Il y a dans cette oeuvre, pour un regard de spectateur profane, une dimension émerveillée à s'y plonger, et donc une inclinaison naturelle à le considérer comme un scénario parfait. C'est une exagération à laquelle n'échappe aucun film proposant un univers, que ce soit
Matrix,
Star Wars ou
Dark City. On en revient toujours aux qualités réelles quelques années après leur sortie, pour s'apercevoir que c'est chaque fois l'imaginaire et leur mise en images qui est célébré, et pas vraiment le scénario.

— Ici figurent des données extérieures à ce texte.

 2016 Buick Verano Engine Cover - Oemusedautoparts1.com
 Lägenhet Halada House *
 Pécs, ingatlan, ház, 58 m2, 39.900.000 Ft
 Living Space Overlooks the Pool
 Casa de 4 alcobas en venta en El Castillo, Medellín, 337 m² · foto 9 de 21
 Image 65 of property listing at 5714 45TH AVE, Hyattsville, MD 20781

Inception fait largement partie de ces spécimen.
Citation:
Et je n'évoque que rapidement cette fin ouverte que je déteste, comme toutes les fins ouvertes, mais ça c'est purement personnel et je comprend que cela puisse être considéré comme vachement cool (perso j'y vois un signe de faignantise de la part de l'auteur qui ne sait pas comment finir son histoire et décide de... ne pas la finir).

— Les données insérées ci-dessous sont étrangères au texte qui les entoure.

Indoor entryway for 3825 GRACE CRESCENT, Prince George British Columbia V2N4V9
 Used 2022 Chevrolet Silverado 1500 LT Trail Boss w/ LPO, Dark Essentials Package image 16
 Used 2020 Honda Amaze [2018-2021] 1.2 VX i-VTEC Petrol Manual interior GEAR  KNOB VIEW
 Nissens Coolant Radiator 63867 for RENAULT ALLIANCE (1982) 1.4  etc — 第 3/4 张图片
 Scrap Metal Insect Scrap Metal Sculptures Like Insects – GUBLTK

Là, c'est une pointe de mauvaise foi. Tu sais parfaitement que Nolan sait comment finir son film. Et si la fin est ouverte, c'est par jeu, car elle l'est faussement... il a saupoudré le tout de multiples indices concordants. Cette fin n'est pas ouverte, ni fainéante, ni même en queue de poisson... elle est ludique. Et là, je crois qu'une grande majorité de spectateurs préfère, parce que ça prolonge le plaisir en dehors de la salle de projection.
Citation:
Ensuite, je n'ai pas aimé le fait que les axiomes de l'univers onirique du film soient extrêmement mal posés. Nolan sort de longues scènes où les personnages dictent les règles du jeu (et on me dit que c'est un super scénar non mais je rêve muahah), mais ce qui est vraiment dramatique c'est que même avec ça certaines choses restent floues. Pour moi Inception est un échec lamentable de story-telling. Là où la véritable force d'un bon scénario se mesure à sa capacité d'enseigner au spectateur les règles du jeu d'un univers donné sans qu'il ne se rende compte qu'on les lui apprend, Inception dicte et échoue. Il échoue aussi en partie car l'univers lui-même est mal posé, et ça se voit. Nolan se permet des gratuités que je n'ai pas aimé, à commencer par cette malette magique qui permet de faire des rêves communs. Ça n'a pas l'air de poser des poser de problèmes aux autres. Moi ça me soule. Au moins Matrix proposait une véritable explication à la matrice. C'est sans compter la tonne d'incohérences/interrogations apportés par les différents doutes sur l'histoire très mal posée. Je ne vais pas lister tout ce qu'on peut trouver sur les différents forums de ciné, mais tenez un exemple : pouquoi les personnages ne sont pas en apesanteur dans le niveau de la neige ?
Au petit jeu des incohérences, aucun film à concept n'échappe aux critiques. Cela dit je te rejoins sur cette impression de subir un tutoriel pesant, pour au final ne jouir que d'une heure de cinéma
live. Ce que Nolan tente à mon avis, c'est le coup classique de "voilà comment ça va se passer", afin que tous les spectateurs puissent mesurer à chaque instant la difficulté des paliers, afin surtout qu'ils sachent toujours quand et comment le plan va partir en vrille, et qu'ils se créent eux-mêmes leur propre dose de suspense, proportionnelle à ce qu'ils auront ingurgité comme règles dans la première heure, ou proportionnelle à leur imagination. C'est un cinéma très interactif, où chaque action est pesée par le spectateur, réfléchie par le prisme des règles de Nolan et par le prisme de la réalité de notre monde.
Citation:
L'ultime déception arrive lorsque, au milieu du film, alors qu'on est en train de se rendre compte qu'il n'y a aucun enjeu dramatique, puisque tout n'est que rêve
Attention, ce n'est pas que le rêve le sujet, c'est surtout les idées et la pensée. Le rêve est un moyen d'implanter une idée, et le background susceptible d'être contrôlé sous conditions.